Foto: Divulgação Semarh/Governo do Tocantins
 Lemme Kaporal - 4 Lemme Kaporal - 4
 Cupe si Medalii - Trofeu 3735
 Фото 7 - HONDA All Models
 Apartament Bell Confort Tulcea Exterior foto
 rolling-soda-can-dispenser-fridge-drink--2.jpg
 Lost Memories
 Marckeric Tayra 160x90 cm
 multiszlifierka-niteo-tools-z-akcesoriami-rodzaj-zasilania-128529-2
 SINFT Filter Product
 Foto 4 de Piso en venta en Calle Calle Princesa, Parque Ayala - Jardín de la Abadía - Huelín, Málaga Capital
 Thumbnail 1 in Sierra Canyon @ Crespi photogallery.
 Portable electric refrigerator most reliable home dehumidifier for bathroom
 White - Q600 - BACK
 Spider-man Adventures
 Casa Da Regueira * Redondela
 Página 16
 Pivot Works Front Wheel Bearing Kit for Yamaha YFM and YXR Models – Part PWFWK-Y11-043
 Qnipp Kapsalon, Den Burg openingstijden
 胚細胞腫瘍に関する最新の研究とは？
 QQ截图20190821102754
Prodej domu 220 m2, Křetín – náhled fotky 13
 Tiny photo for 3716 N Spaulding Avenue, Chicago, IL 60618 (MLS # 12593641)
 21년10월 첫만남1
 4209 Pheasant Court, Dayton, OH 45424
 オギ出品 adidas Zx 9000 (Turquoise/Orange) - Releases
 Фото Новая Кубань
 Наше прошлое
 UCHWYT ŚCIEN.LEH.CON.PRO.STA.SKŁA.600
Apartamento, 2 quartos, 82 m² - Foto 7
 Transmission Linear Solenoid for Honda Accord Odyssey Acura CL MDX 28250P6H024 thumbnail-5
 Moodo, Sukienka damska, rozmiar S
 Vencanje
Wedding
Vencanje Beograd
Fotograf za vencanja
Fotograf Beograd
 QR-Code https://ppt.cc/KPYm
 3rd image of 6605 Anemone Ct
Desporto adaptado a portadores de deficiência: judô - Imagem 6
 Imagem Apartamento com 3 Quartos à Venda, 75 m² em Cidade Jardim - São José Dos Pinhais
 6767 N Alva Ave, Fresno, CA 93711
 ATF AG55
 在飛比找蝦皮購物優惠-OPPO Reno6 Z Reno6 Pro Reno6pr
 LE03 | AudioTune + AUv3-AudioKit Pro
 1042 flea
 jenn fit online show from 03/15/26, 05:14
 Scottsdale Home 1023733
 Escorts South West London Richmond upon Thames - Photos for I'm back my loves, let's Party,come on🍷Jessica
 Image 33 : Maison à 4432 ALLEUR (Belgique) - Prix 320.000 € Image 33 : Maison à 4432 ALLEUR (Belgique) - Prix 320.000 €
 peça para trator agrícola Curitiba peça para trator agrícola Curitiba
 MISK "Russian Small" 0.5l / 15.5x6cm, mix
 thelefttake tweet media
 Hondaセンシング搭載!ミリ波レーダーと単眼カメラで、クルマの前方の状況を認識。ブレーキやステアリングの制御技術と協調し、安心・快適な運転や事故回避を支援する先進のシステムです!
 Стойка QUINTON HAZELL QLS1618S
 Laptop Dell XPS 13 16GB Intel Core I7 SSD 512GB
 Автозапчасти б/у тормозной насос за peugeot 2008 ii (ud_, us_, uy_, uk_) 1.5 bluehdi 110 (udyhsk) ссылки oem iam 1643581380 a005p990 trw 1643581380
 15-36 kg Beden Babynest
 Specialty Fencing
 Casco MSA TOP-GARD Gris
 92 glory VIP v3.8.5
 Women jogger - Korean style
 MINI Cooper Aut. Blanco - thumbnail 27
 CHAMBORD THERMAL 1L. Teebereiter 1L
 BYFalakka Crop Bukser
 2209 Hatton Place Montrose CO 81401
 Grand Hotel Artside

———

Set down the whole of the material again, exactly.

# The completed task
Foto: Divulgação Semarh/Governo do Tocantins
 Lemme Kaporal - 4 Lemme Kaporal - 4
 Cupe si Medalii - Trofeu 3735
 Фото 7 - HONDA All Models
 Apartament Bell Confort Tulcea Exterior foto
 rolling-soda-can-dispenser-fridge-drink--2.jpg
 Lost Memories
 Marckeric Tayra 160x90 cm
 multiszlifierka-niteo-tools-z-akcesoriami-rodzaj-zasilania-128529-2
 SINFT Filter Product
 Foto 4 de Piso en venta en Calle Calle Princesa, Parque Ayala - Jardín de la Abadía - Huelín, Málaga Capital
 Thumbnail 1 in Sierra Canyon @ Crespi photogallery.
 Portable electric refrigerator most reliable home dehumidifier for bathroom
 White - Q600 - BACK
 Spider-man Adventures
 Casa Da Regueira * Redondela
 Página 16
 Pivot Works Front Wheel Bearing Kit for Yamaha YFM and YXR Models – Part PWFWK-Y11-043
 Qnipp Kapsalon, Den Burg openingstijden
 胚細胞腫瘍に関する最新の研究とは？
 QQ截图20190821102754
Prodej domu 220 m2, Křetín – náhled fotky 13
 Tiny photo for 3716 N Spaulding Avenue, Chicago, IL 60618 (MLS # 12593641)
 21년10월 첫만남1
 4209 Pheasant Court, Dayton, OH 45424
 オギ出品 adidas Zx 9000 (Turquoise/Orange) - Releases
 Фото Новая Кубань
 Наше прошлое
 UCHWYT ŚCIEN.LEH.CON.PRO.STA.SKŁA.600
Apartamento, 2 quartos, 82 m² - Foto 7
 Transmission Linear Solenoid for Honda Accord Odyssey Acura CL MDX 28250P6H024 thumbnail-5
 Moodo, Sukienka damska, rozmiar S
 Vencanje
Wedding
Vencanje Beograd
Fotograf za vencanja
Fotograf Beograd
 QR-Code https://ppt.cc/KPYm
 3rd image of 6605 Anemone Ct
Desporto adaptado a portadores de deficiência: judô - Imagem 6
 Imagem Apartamento com 3 Quartos à Venda, 75 m² em Cidade Jardim - São José Dos Pinhais
 6767 N Alva Ave, Fresno, CA 93711
 ATF AG55
 在飛比找蝦皮購物優惠-OPPO Reno6 Z Reno6 Pro Reno6pr
 LE03 | AudioTune + AUv3-AudioKit Pro
 1042 flea
 jenn fit online show from 03/15/26, 05:14
 Scottsdale Home 1023733
 Escorts South West London Richmond upon Thames - Photos for I'm back my loves, let's Party,come on🍷Jessica
 Image 33 : Maison à 4432 ALLEUR (Belgique) - Prix 320.000 € Image 33 : Maison à 4432 ALLEUR (Belgique) - Prix 320.000 €
 peça para trator agrícola Curitiba peça para trator agrícola Curitiba
 MISK "Russian Small" 0.5l / 15.5x6cm, mix
 thelefttake tweet media
 Hondaセンシング搭載!ミリ波レーダーと単眼カメラで、クルマの前方の状況を認識。ブレーキやステアリングの制御技術と協調し、安心・快適な運転や事故回避を支援する先進のシステムです!
 Стойка QUINTON HAZELL QLS1618S
 Laptop Dell XPS 13 16GB Intel Core I7 SSD 512GB
 Автозапчасти б/у тормозной насос за peugeot 2008 ii (ud_, us_, uy_, uk_) 1.5 bluehdi 110 (udyhsk) ссылки oem iam 1643581380 a005p990 trw 1643581380
 15-36 kg Beden Babynest
 Specialty Fencing
 Casco MSA TOP-GARD Gris
 92 glory VIP v3.8.5
 Women jogger - Korean style
 MINI Cooper Aut. Blanco - thumbnail 27
 CHAMBORD THERMAL 1L. Teebereiter 1L
 BYFalakka Crop Bukser
 2209 Hatton Place Montrose CO 81401
 Grand Hotel Artside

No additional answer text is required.